Again, we write \(K_i = K\cap {\varvec{e}}_i^\perp \) and \(h_i=\mathrm {h}(K,{\varvec{e}}_i)\). Note that \(h_i\) is attained by a multiple of \({\varvec{e}}_i\), since K is unconditional. This implies that

$$\begin{aligned} K_i+[-h_i,h_i]{\varvec{e}}_i\subseteq 2K, \end{aligned}$$

and we obtain

$$\begin{aligned} (\#(2K))^{n-1} \ge \prod _{i=1}^{n-1}(2\lfloor h_i\rfloor +1)\# K_i \ge \prod _{i=1}^n \# K_i, \end{aligned}$$

where the last inequality follows from \(K_n\subseteq [-h_1,h_1]\times \cdots \times [-h_{n-1},h_{n-1}]\). The claim follows by applying Lemma 5.1 to the left-hand side above. \(\square \)

Note that for an unconditional body \(K\subseteq \mathbb {R}^n\) one has \(K\cap {\varvec{e}}_i^\perp =K|{\varvec{e}}_i^\perp \), \(1\le i\le n\). Therefore, Proposition 5.2 is also a sharpening of Theorem 1.6. In fact, following the lines of the proof of the discrete reverse Loomis–Whitney inequality in Sect. 4, the above proof is a simplification of the proof in Sect. 4.

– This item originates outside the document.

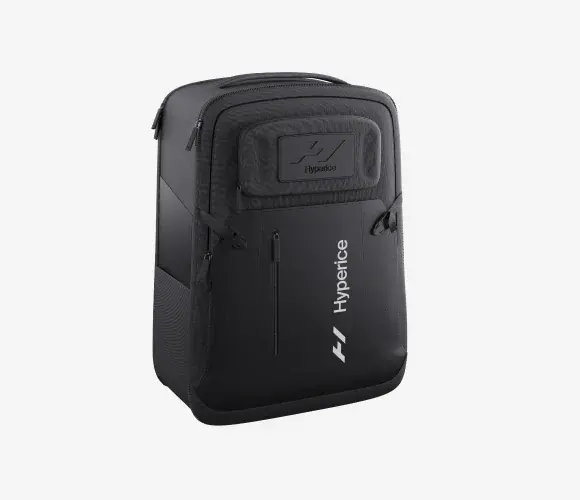 Mochila Normatec Hyperice 2 Mochila Normatec Hyperice
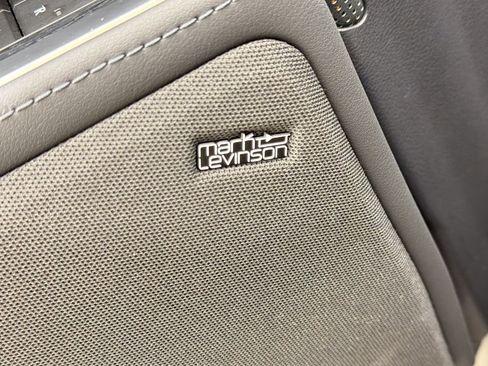 Used 2024 Lexus GX 550 w/ Accessory Package (2T) image 24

Moreover, the inequalities of Theorems 1.2 and 1.4 hold with constant 1 for unconditional bodies, by the Loomis–Whitney inequality. As for the discrete Brunn inequality, a constant 1 is obtained when intersecting an unconditional body K with a coordinate subspace L, since every slice \(K\cap (L+{\varvec{t}})\) is mapped into the central slice injectively by the orthogonal projection onto L. Moreover, for any hyperplane H there is a coordinate i such that the projection \(H\mapsto {\varvec{e}}_i^\perp \) is bijective and maps lattice points in H to lattice points in \({\varvec{e}}_i^\perp \). The index i can be chosen to be an index for which the normal vector \({\varvec{v}}\) of H is non-zero. Therefore, the maximal hyperplane section with respect to \(\#(\,{\cdot }\,)\) can always be chosen to be a coordinate section. However, for general subspaces L we cannot hope for a constant 1 in the discrete Brunn inequality, as the next example illustrates.

Example 5.3

Consider the symmetric cube \(C_n=[-1,1]^n\) and the vector \({\varvec{u}}=(1,2,4,\dots ,2^{n-1})^T\in \mathbb {R}^n\). Then we have \(\#(C_n\cap {\varvec{u}}^\perp )=1\) (cf. Remark 4.2). On the other hand, we have \(\#(C_n\cap \{{\varvec{x}}\in \mathbb {R}^n:\langle {\varvec{x}},{\varvec{u}}\rangle =1\})= n\), because, in view of (4.2), the points \({\varvec{x}}_k={\varvec{e}}_k-\sum _{j=0}^{k-1}{\varvec{e}}_j\), \(1\le k\le n\), are contained in this section and as in Remark 4.2, by considering the maximal non-zero coordinate of a lattice point in this section, there are no further points.